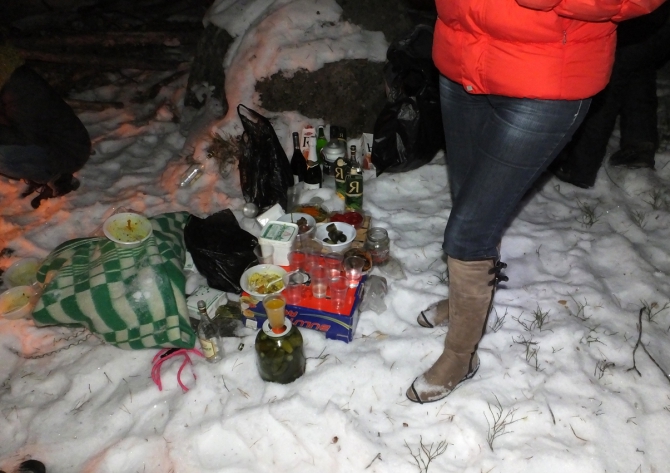 Новогодний экстрим в Чегетском лесу(в продолжение поздравлялки, Горные лыжи/Сноуборд, приэльбрусье, терскльско-чегетский лес)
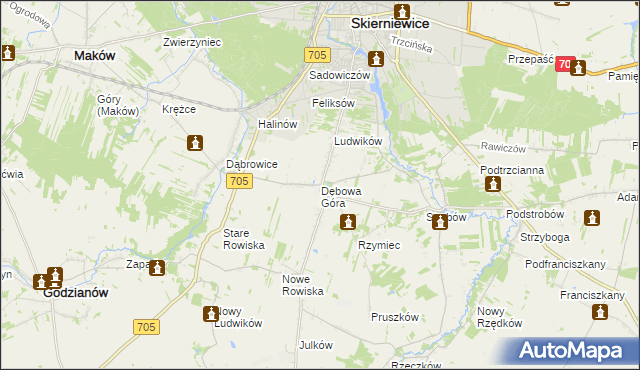 mapa Dębowa Góra gmina Skierniewice, Dębowa Góra gmina Skierniewice na mapie Targeo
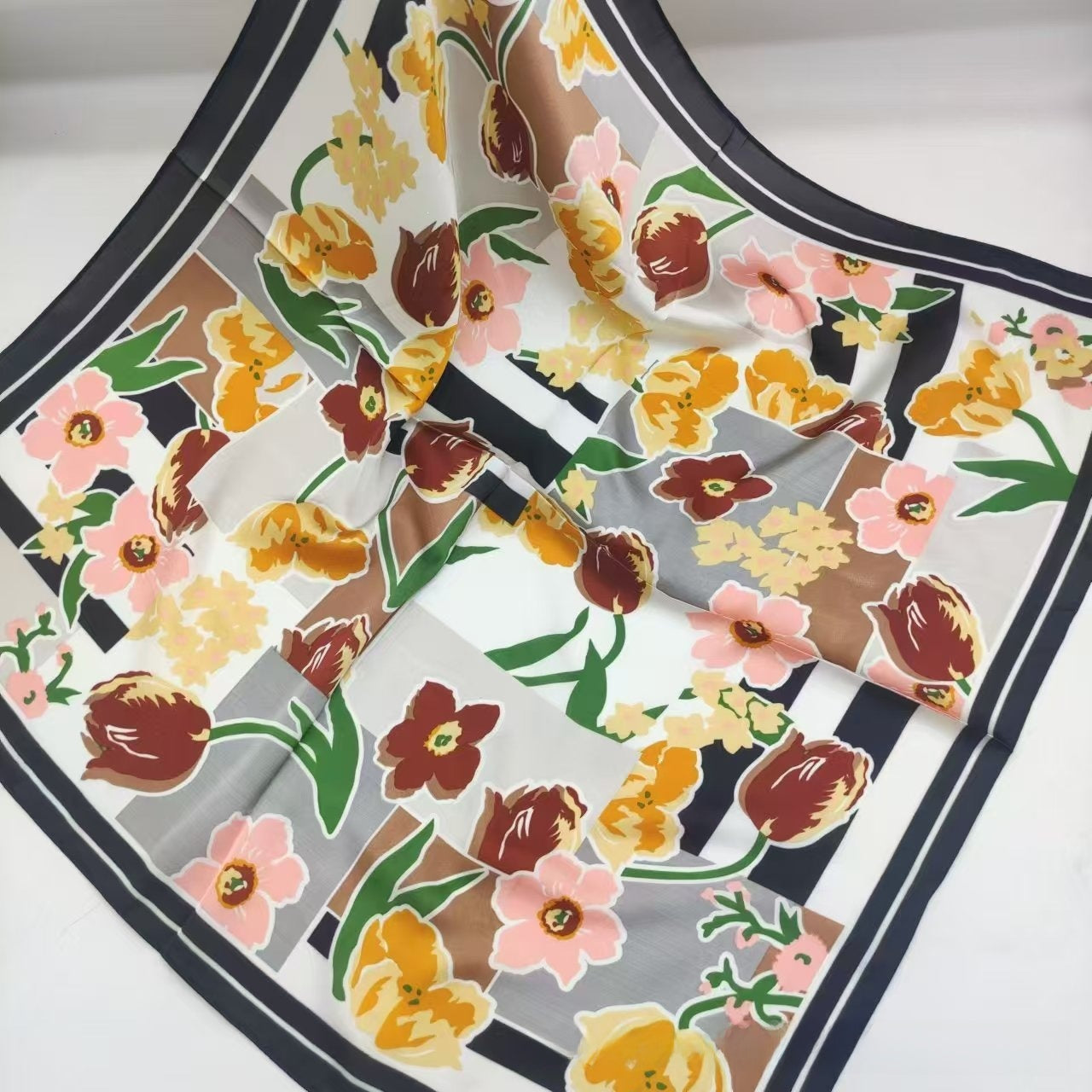 Women's Chiffon Silk Scarf With Flowers Pattern In White, Perfect For Spring
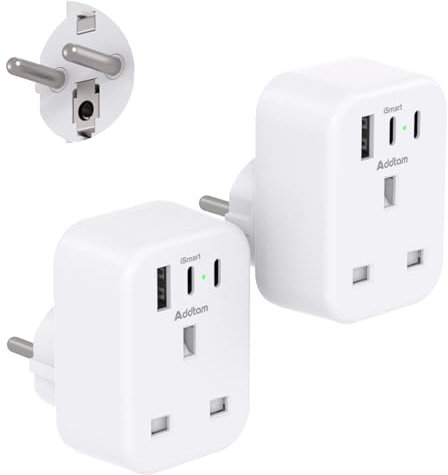 [2 Pack] UK to European Plug Adapter with 3 USB Ports(2 USB C), EU Schuko Travel Adaptor for Germany France Spain Turkey Russia Iceland Greece Poland Portugal Austria Netherlands(Type E/F)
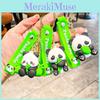Side Panda Holding Bamboo Shoot Key Chain Cute Cartoon Girl Pendant Backpack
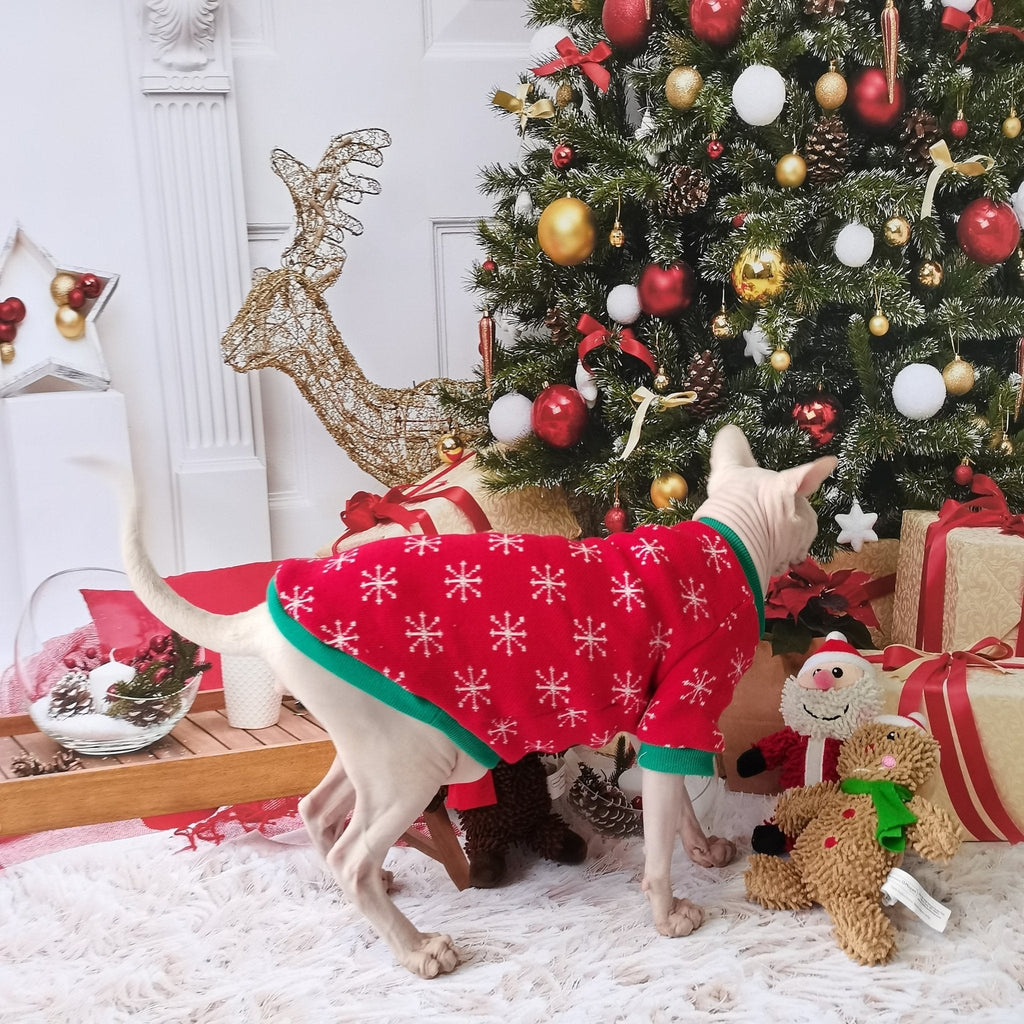 Christmas Knitted Sweater Hat Set Sphynx Cat Clothes - PIKAPIKA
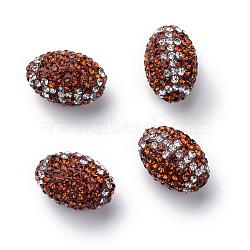 Handmade Polymer Clay Rhinestone Beads, Oval, Topaz, 15~15.5x10.5mm, Hole: 1.5mm(RB-S046-01)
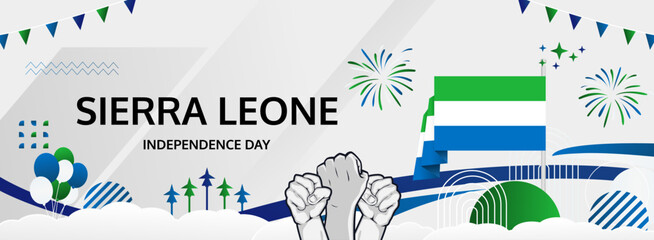 Sierra Leone Independence Day modern greeting banner. 27 April Happy Sierra Leone National Day. Holidays abstract concept. Great for event like carnival, feast poster, support, culture and tourism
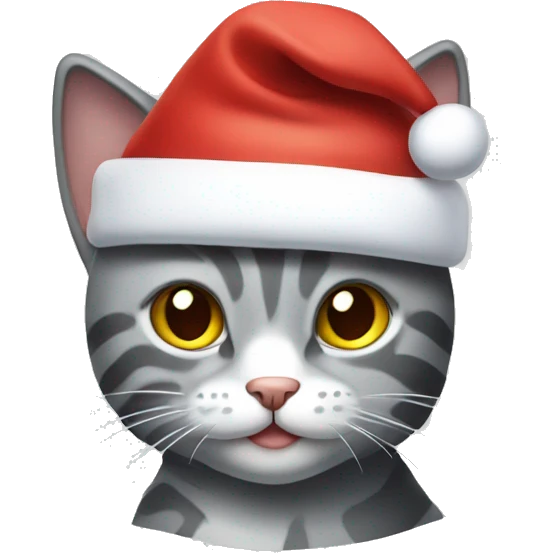 grey cat with white stripes and a christmas hat  emoji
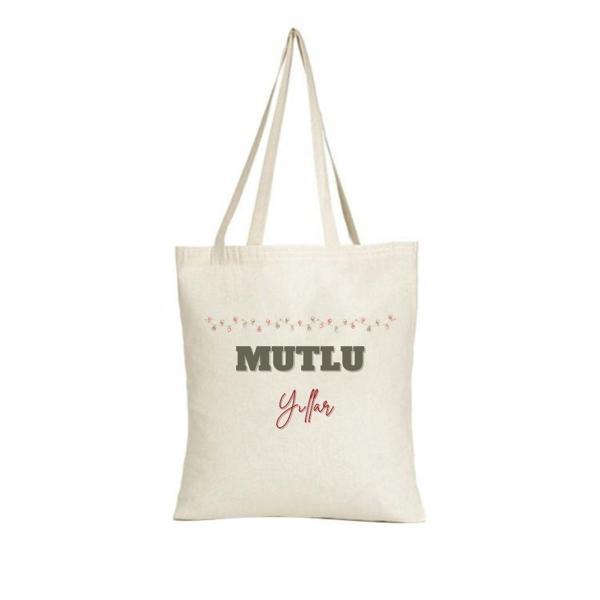 Mutlu Yıllar Tasarımlı Bez Çanta – Yeni Yıl Temalı Hediyelik Omuz Çantası - Image 1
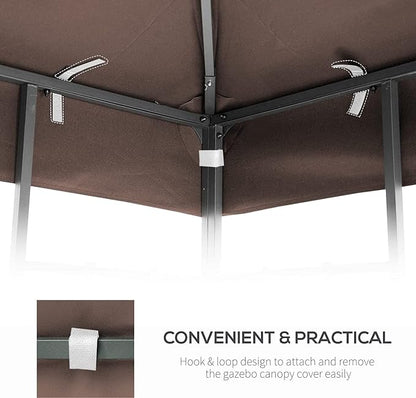 10x10 Ft Gazebo Canopy Replacement Cover, Double Tiered Gazebo Replacement Top (Coffee)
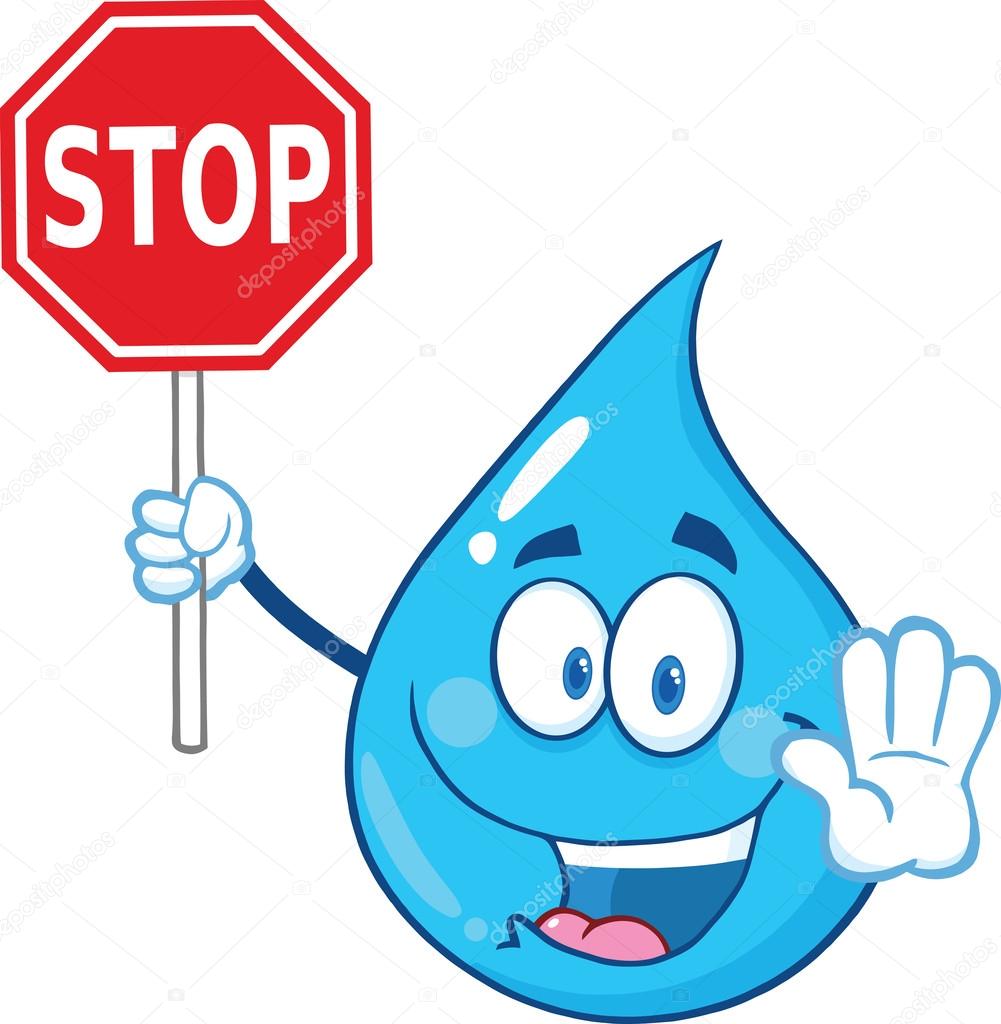 Carácter de la mascota de dibujos animados gota de agua sosteniendo una  señal de stop Ilustración de stock #57859885 de ©HitToon, image size:1001x1024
______________________________
__WHAT IS REQUIRED__. Omit the pictures, then quote the rest of the material above exactly.

__SOLUTION__.
 Новогодний экстрим в Чегетском лесу(в продолжение поздравлялки, Горные лыжи/Сноуборд, приэльбрусье, терскльско-чегетский лес)
 mapa Dębowa Góra gmina Skierniewice, Dębowa Góra gmina Skierniewice na mapie Targeo
 Women's Chiffon Silk Scarf With Flowers Pattern In White, Perfect For Spring
 [2 Pack] UK to European Plug Adapter with 3 USB Ports(2 USB C), EU Schuko Travel Adaptor for Germany France Spain Turkey Russia Iceland Greece Poland Portugal Austria Netherlands(Type E/F)
Side Panda Holding Bamboo Shoot Key Chain Cute Cartoon Girl Pendant Backpack
 Christmas Knitted Sweater Hat Set Sphynx Cat Clothes - PIKAPIKA
 Handmade Polymer Clay Rhinestone Beads, Oval, Topaz, 15~15.5x10.5mm, Hole: 1.5mm(RB-S046-01)
 Sierra Leone Independence Day modern greeting banner. 27 April Happy Sierra Leone National Day. Holidays abstract concept. Great for event like carnival, feast poster, support, culture and tourism
 grey cat with white stripes and a christmas hat  emoji
 Mutlu Yıllar Tasarımlı Bez Çanta – Yeni Yıl Temalı Hediyelik Omuz Çantası - Image 1
 10x10 Ft Gazebo Canopy Replacement Cover, Double Tiered Gazebo Replacement Top (Coffee)
 Carácter de la mascota de dibujos animados gota de agua sosteniendo una  señal de stop Ilustración de stock #57859885 de ©HitToon, image size:1001x1024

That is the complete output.